→ **Directions for this task**
All lines from the one containing "Topografisk kort Iselle, højde, terræn" through the final line of the records below should be reproduced exactly, with the pictures left out.

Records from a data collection
--- START ---

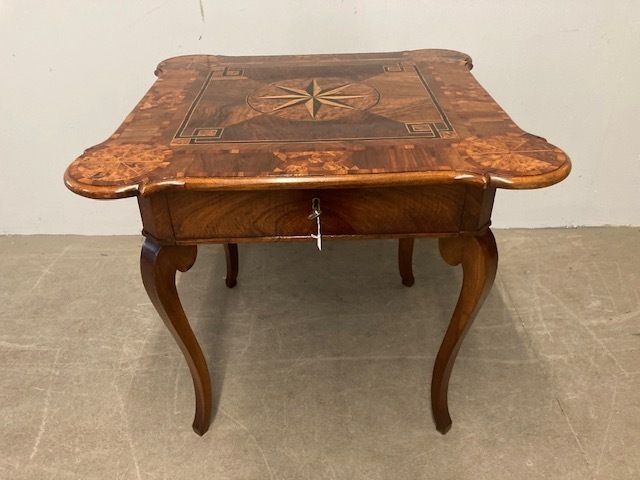 Ancient Sensational Rolo Inlaid Gaming Table From The End Of The 18th Century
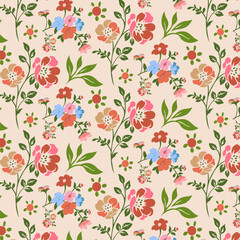 Trendy Floral Seamless Pattern with Terracotta Flowers, Earthy Botanical Repeat for Fabric, Wallpaper and Organic Design Template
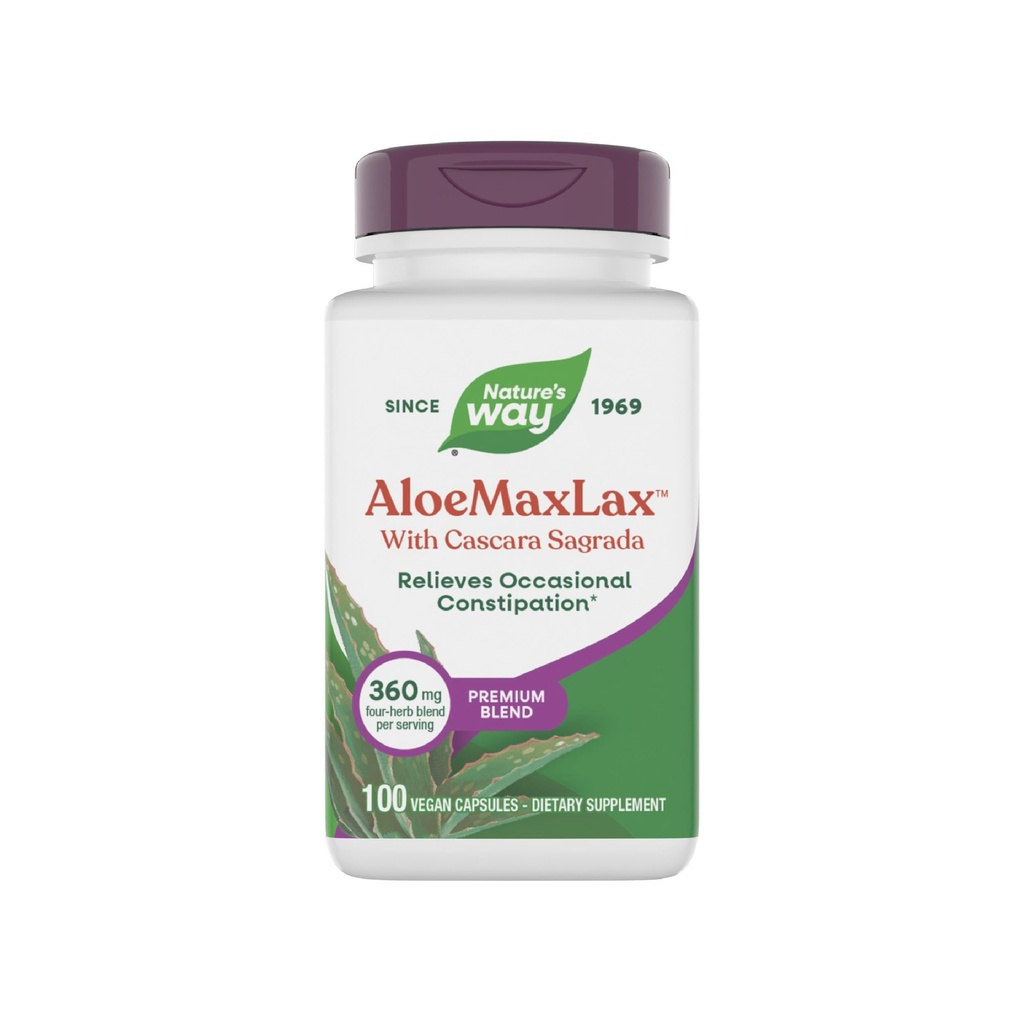 Nature 's Way AloeMaxLax with Cascara Sagrada, Okazjonalne Zaparcia Relief *, 100 Kapsułki wegańskie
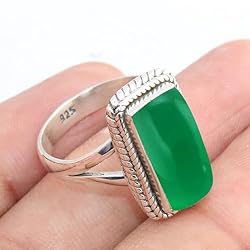 Fine Sterling Silver Ring For Womens Natural Green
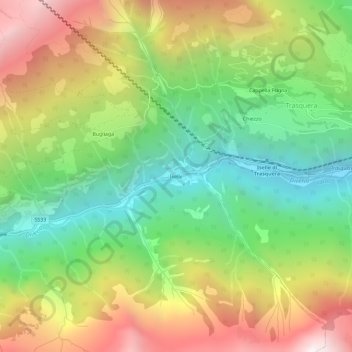Topografisk kort Iselle, højde, terræn
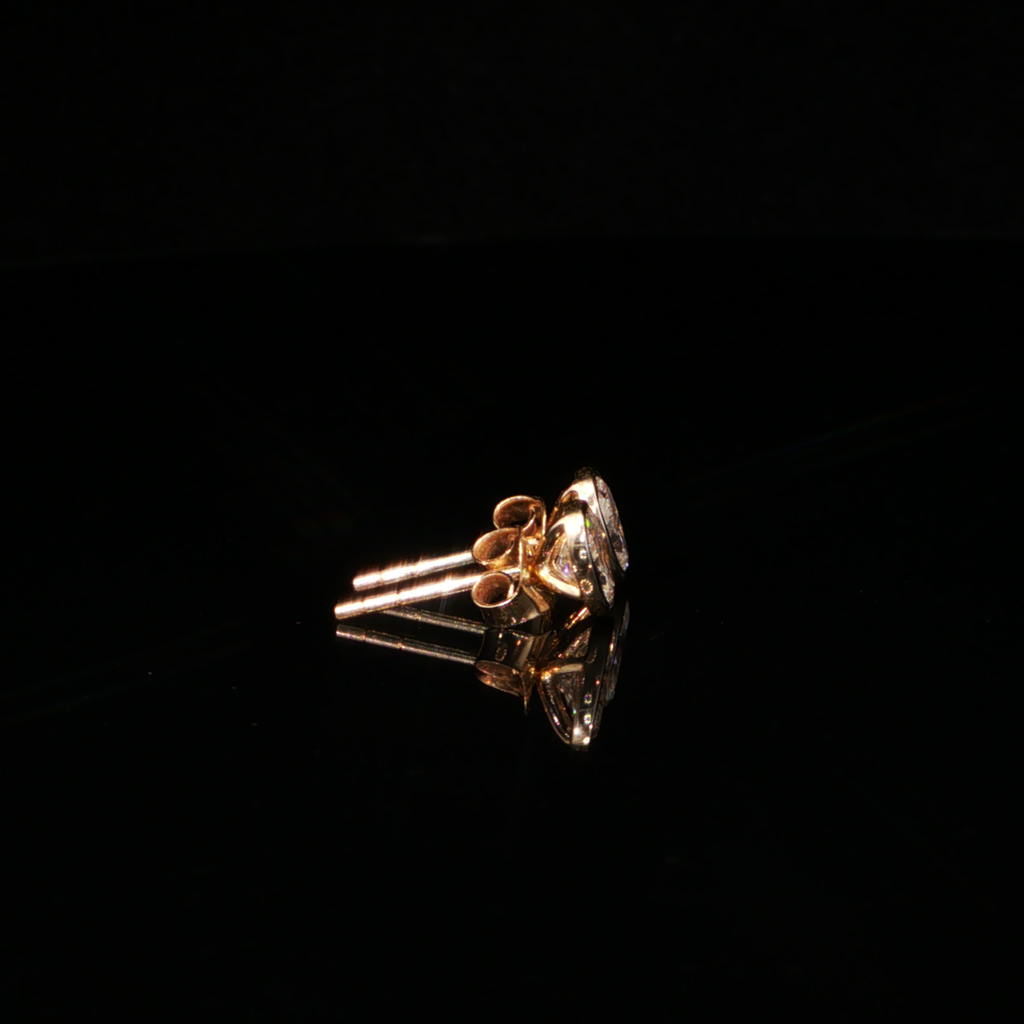 1.20 CTW Oval Cut Lab-Grown Diamond Bezel Stud Earrings in 14K Yellow Gold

--- END ---

→ **Output for this exercise**
Topografisk kort Iselle, højde, terræn
 1.20 CTW Oval Cut Lab-Grown Diamond Bezel Stud Earrings in 14K Yellow Gold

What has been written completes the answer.